Exercise :
Let $X=C[a,b]$ be equipped with the norm $\| \cdot \|_\infty$ and $g \in X$. We define the operator $T:X \to X$ to be : $$Tf(x) = g(x)f(x), \; \forall x\in [a,b]$$ Show that $T$ is a Bounded Linear Operator $(T \in B(X))$.
Attempt :
Let $y(x),z(x) \in C[a,b]$. Then, it is :
$$T(y(x)+z(x)) = g(x)(y(x)+z(x)) = g(x)y(x)+g(x)z(x)$$ $$\implies$$ $$T(y(x)+z(x)) = Ty(x) + Tz(x), \; \forall y(x),z(x) \in C[a,b] $$
Let $\lambda \in \mathbb R$ and $f(x) \in C[a,b]$. Then :
$$T(\lambda f(x)) = g(x)[\lambda f(x)] = \lambda g(x)f(x)$$ $$\implies$$ $$T(\lambda f(x)) = \lambda f(x), \; \forall \lambda \in \mathbb R, \; \forall f(x) \in C[a,b]$$
Thus, $T$ is indeed linear.
Also, if $f(x),g(x) \in C[a,b]$ then it also is $g(x)f(x) \in C[a,b]$ and thus $T:X \to X$.
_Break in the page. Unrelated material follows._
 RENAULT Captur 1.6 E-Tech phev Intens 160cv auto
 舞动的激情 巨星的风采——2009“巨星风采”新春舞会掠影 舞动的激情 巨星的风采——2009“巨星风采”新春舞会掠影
For the boundedness, I need to prove that : $$\exists M>0 : \|Tf(x)\| \leq M \|f(x)\|$$
It is :
$$Tf(x) = g(x)f(x) \Rightarrow \|Tf(x)\|_\infty = \|g(x)f(x)\|_\infty \leq \|g(x)\|_\infty \|f(x)\|_\infty $$
$$\Rightarrow$$
$$\|Tf(x)\|_\infty \leq \sup\{|g(x)| : x \in X\} \|f(x)\|_\infty $$
$$\|Tf(x)\|_\infty \leq G \|f(x)\|_\infty$$
since $g \in C[a,b]$ and thus $\exists G>0 : |g(x)| \leq G \; \forall x \in C[a,b] \implies G = \sup\{|g(x)| : x \in X\}$.
Question : Is my proof correct and rigorous enough ?